The fact is, Gene, all the tools are there if you want to Capture Now and then safeguard against issues that may arise from one-hour clips. Nick Meyers and Jude Cotter have repeatedly posted solutions that you can easily implement (such as Batch Exporting subclips, using the Description field to rename Capture Now files). Yes, these methods take time to implement as well. If you don't "like" these methods, then be prepared for the problems to slow you down and mess with your online, recapturing or media reconnect.

> Also, Log & Capture takes twice as long.

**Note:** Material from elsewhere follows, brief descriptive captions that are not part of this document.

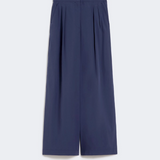 Pantalone ampio in popeline di cotone 2615131142600 008 MAX MARA WEEKEND Blu 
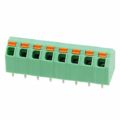 1751228 - 0.200 5.08mm Green Bulk Polyamide (PA), Nylon Through Hole 45° (135°) Angle with Board Screwless - Spring Cage, Tension Clamp 1 Levels 16-26 AWG COMBICON SPTA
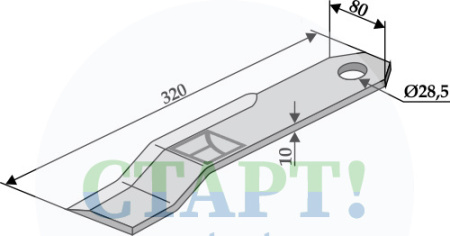 Мульчирующий нож - правый
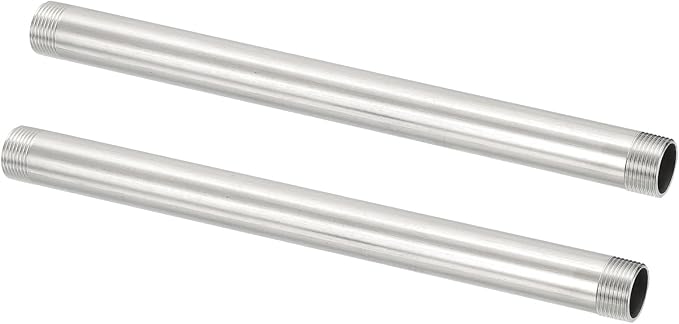 PATIKIL 304 Stainless Steel Pipe Fitting, 2 Pack 3/4" BSP Male x 3/4" BSP Male by PATIKIL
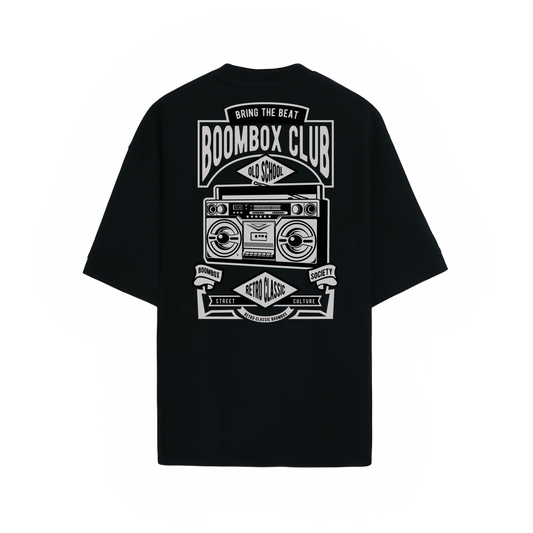 Old School Boombox Club - Oversized Unisex Graphic T-shirt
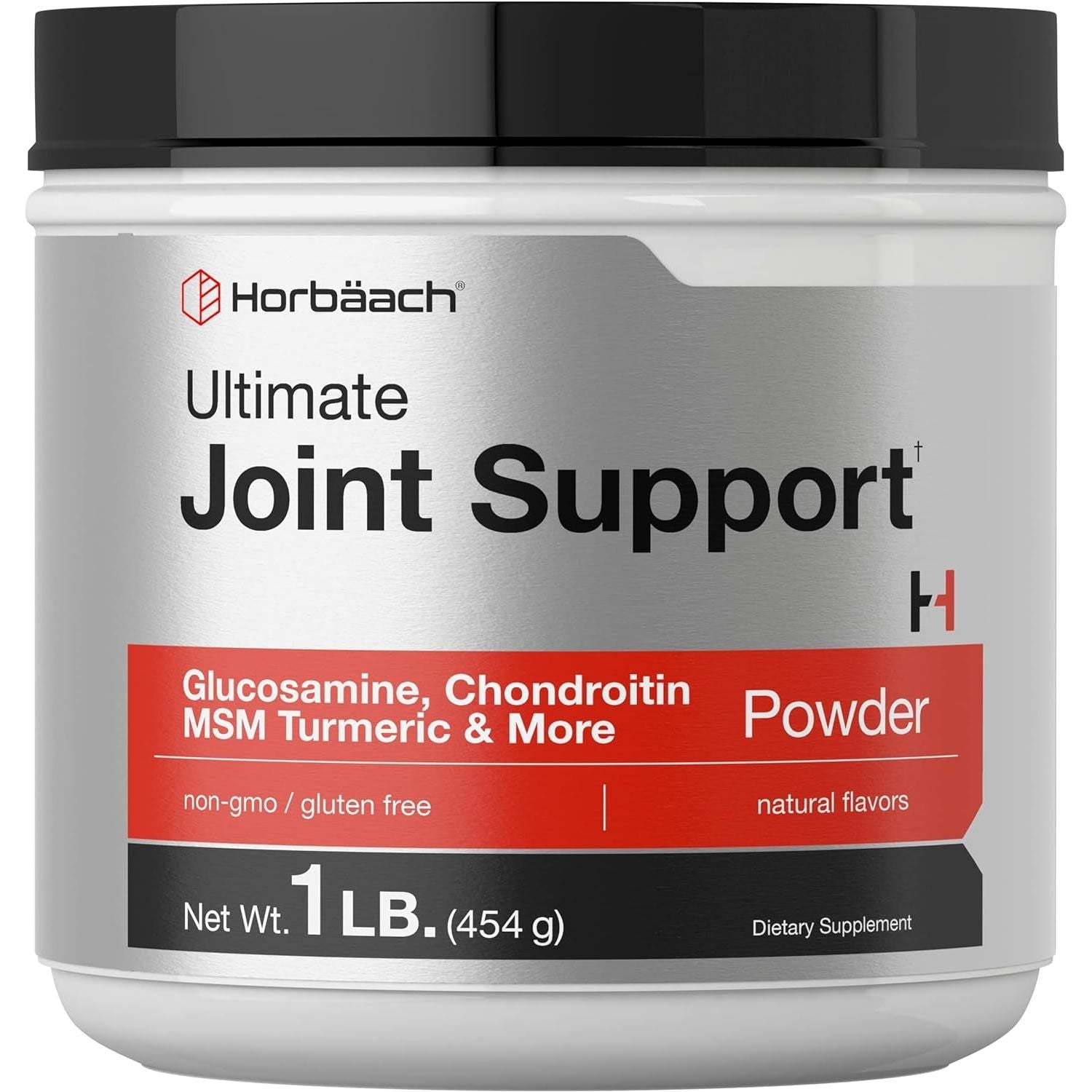 Horbäach Ultimate Joint Support Powder 1 Lb | Glucosamine, Chondroitin, MSM & Turmeric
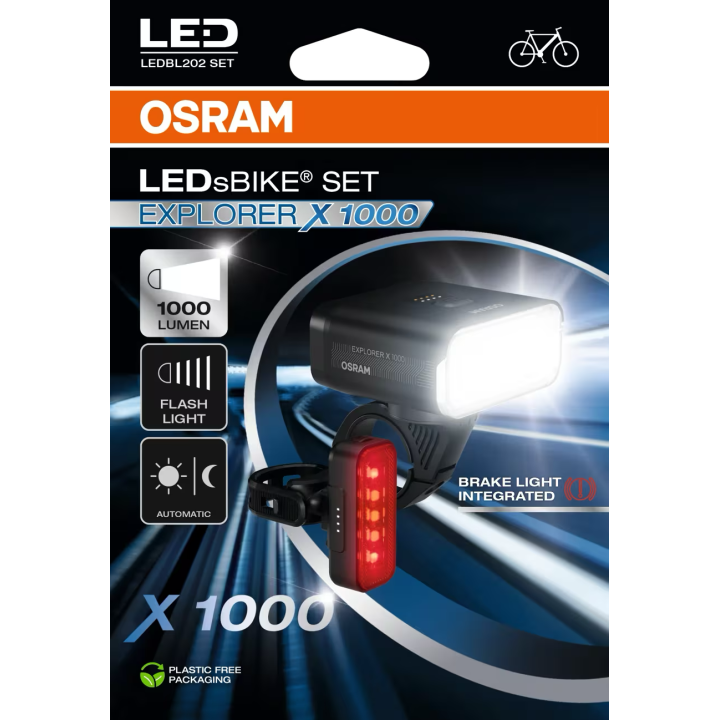 OSRAM LEDsBIKE EXPLORER X 1000 SET – 1000 lm bike lights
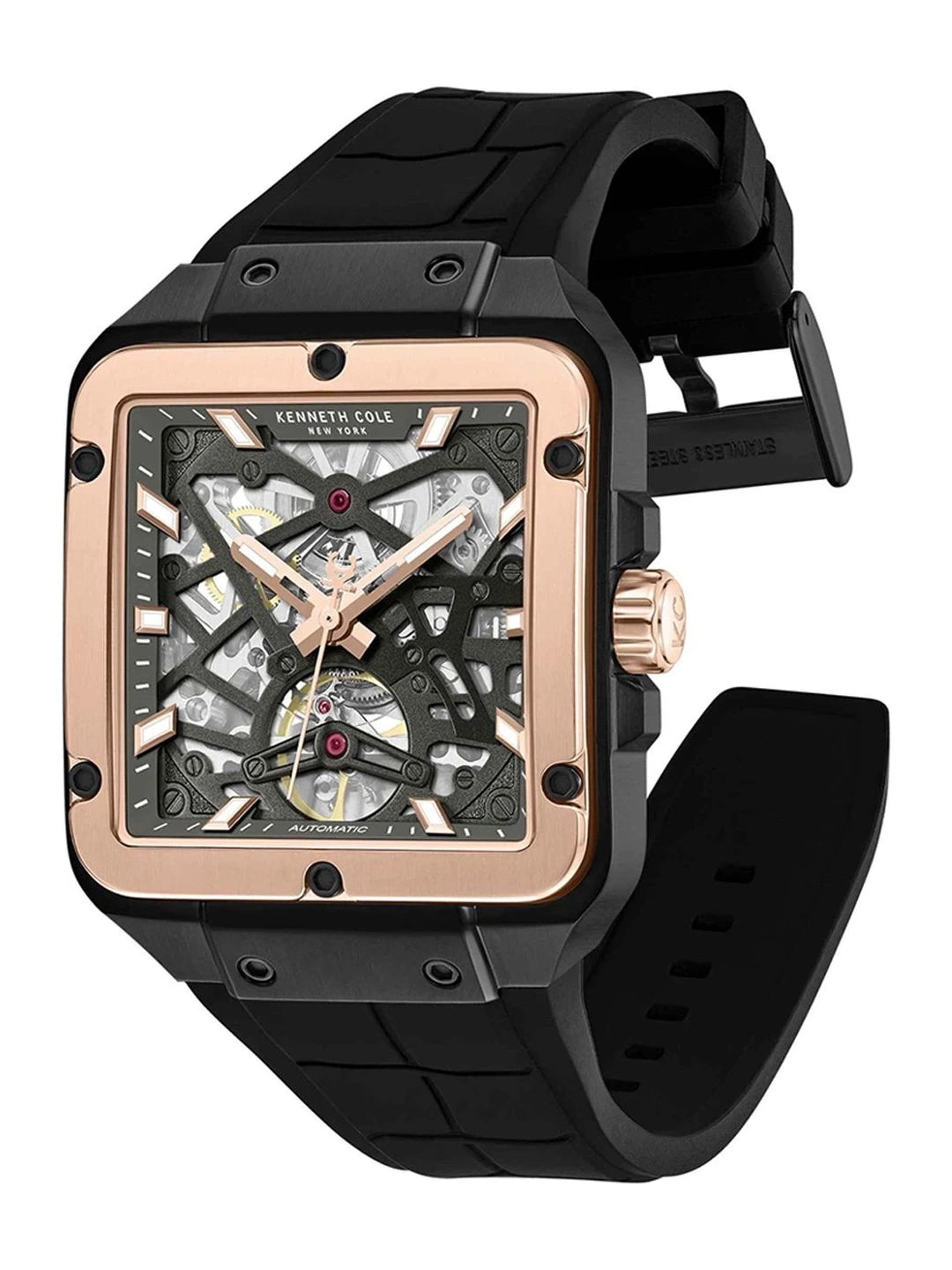 Kenneth Cole Automatic Drop 2 Gun Round Dial Analog Watch - KCWGZ0065403MN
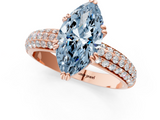 Rose gold Fancy Blue Marquise  Cut Pave Diamond Engagement Ring with Channel Set Band and Four-Prong Setting_21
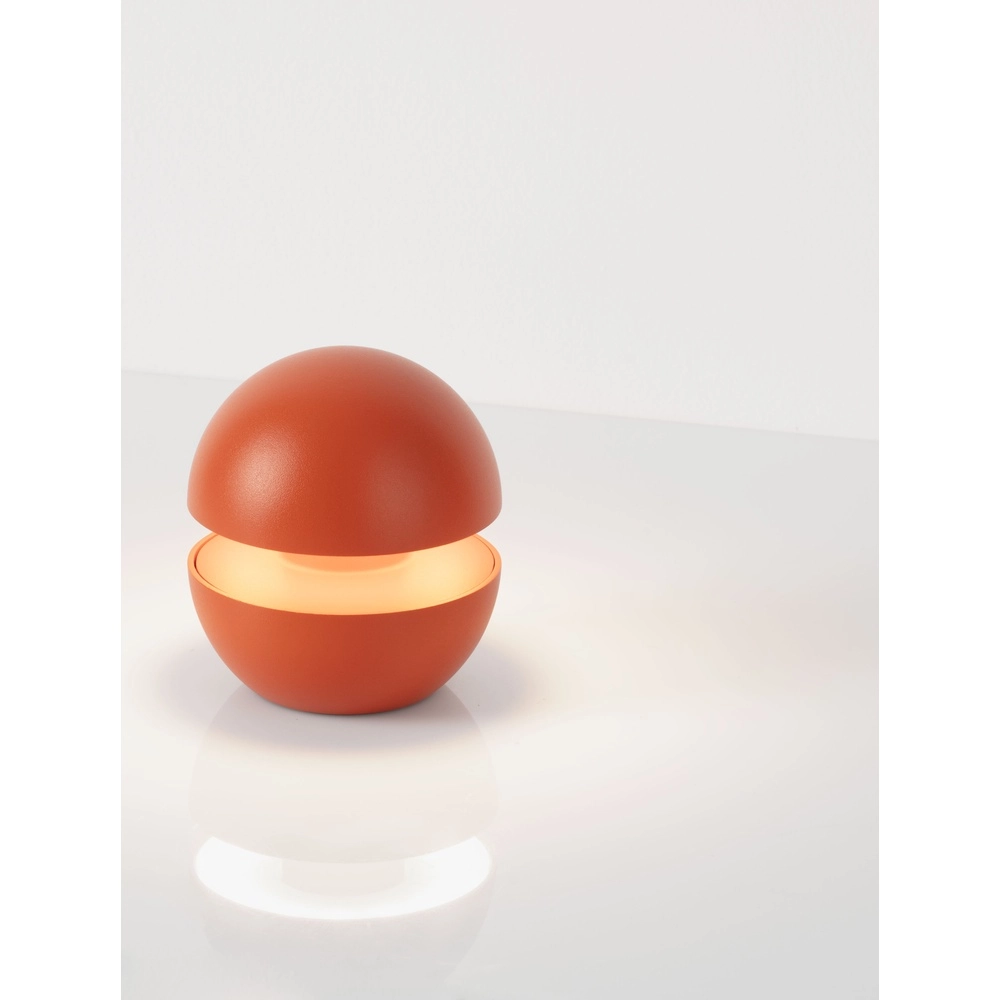 Table lamp Puk rechargeable orange Lyora 5212017478566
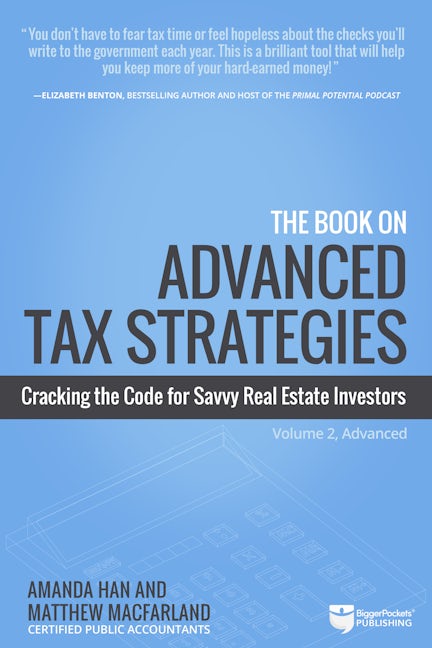 Book cover image for The Book on Advanced Tax Strategies ISBN: 9781947200227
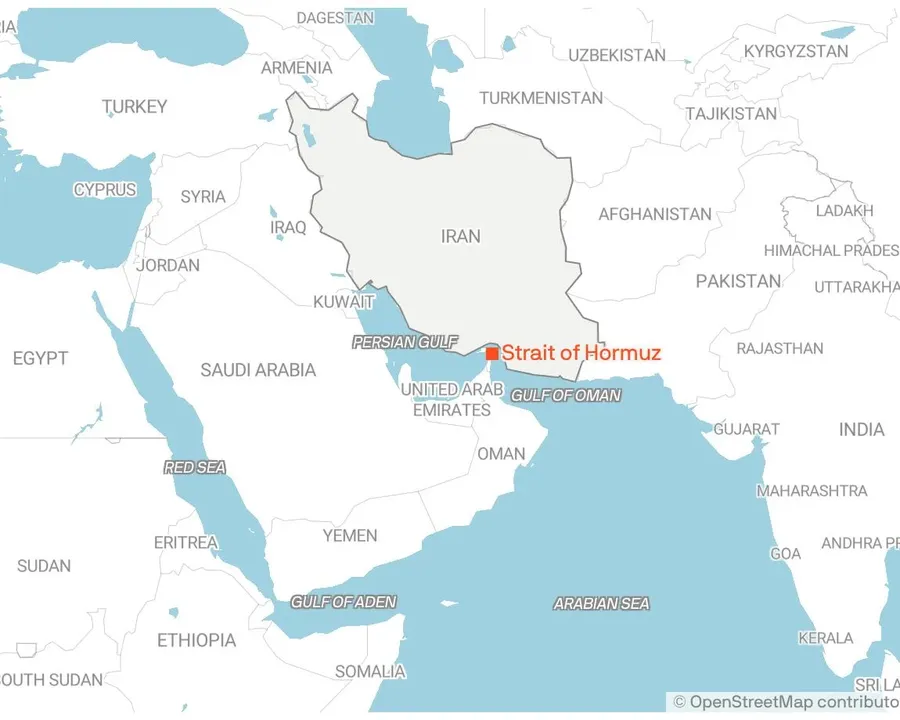 Bản đồ eo biển Hormuz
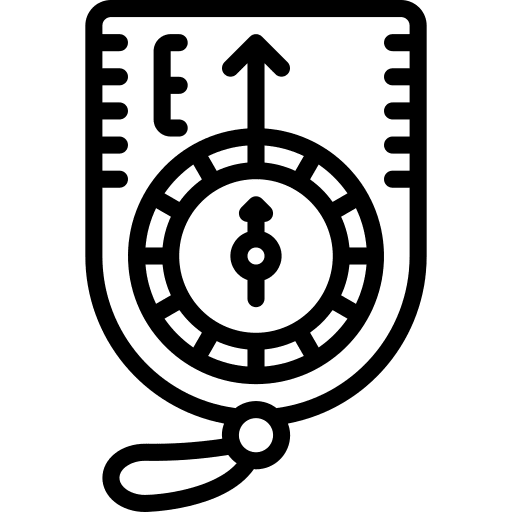 Compass location equipment travel icon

If you work with longer projects enough, you'll know that the time is well spent. When I need to make disk space, my clips are already clearly separated into takes with notes, and I can eliminate less desireable takes with the touch of a button. When I online, I don't even need to use the trim functions necessarily, because I can just recapture the clips as I logged them. I have the option of creating an online-quality batch list just by dragging my timeline back into a bin and deleting the non-media entries. I can manage my media files without even opening Final Cut Pro. I can copy clips necessary for FX work by simply using OS. You can't do any of that if you use Capture Now to make one-hour clips.

Yes, I spend about 2.5x more time logging and then capturing. But then I save days, even weeks of work down the line, and over the course of the entire edit. And an ironclad work method at the first stage will lessen the chance that you'll have to troubleshoot later...when there's a festival deadline or when the client's breathing down your neck.

If you don't like the safety methods we recommend, well, that's your choice. But don't you ever wonder why working editors like me, Shane and Wayne go through the painstaking procedures of logging? Just for fun?

I'd stress again: No assistant would get hired if s/he doesn't know how to log properly. You can use Capture Now -- it may be necessary for some types of media, such as non-timecoded sources -- but unless you know how to log and can make intelligent, experienced decisions as to which method you pick (rather than defaulting to Capture Now because that's all you know), you aren't ready to work as an assistant editor...or as your own assistant.


www.derekmok.com
Re: Monster problems misusing FCP - people, we must share
March 28, 2007 10:24AM
this whole thread sounds like bitching to an automaker that their cars cant be easily driven from the passenger seat...
Re: Monster problems misusing FCP - people, we must share
March 28, 2007 10:51AM
Boys and boys (and yes girls),

We are not the first ones to use FCP or the first to edit content on an NLE system.

Workflows are developed to save time and the tried and true ones come to the top. Even though FCP (or any Apple application for that matter) allows you to do things more than one way, there is usually one BEST way to get from A to B and we all learn this and use it until a better workflow is revealed.

Most people come here to find that one BEST way. Some, however want to fight this as if they have invented something better, in their mind. When you meet resistance to these types, it is because we feel that we have tried to serve you with or best knowledge and when it doesn't stick - we can feel like giving up.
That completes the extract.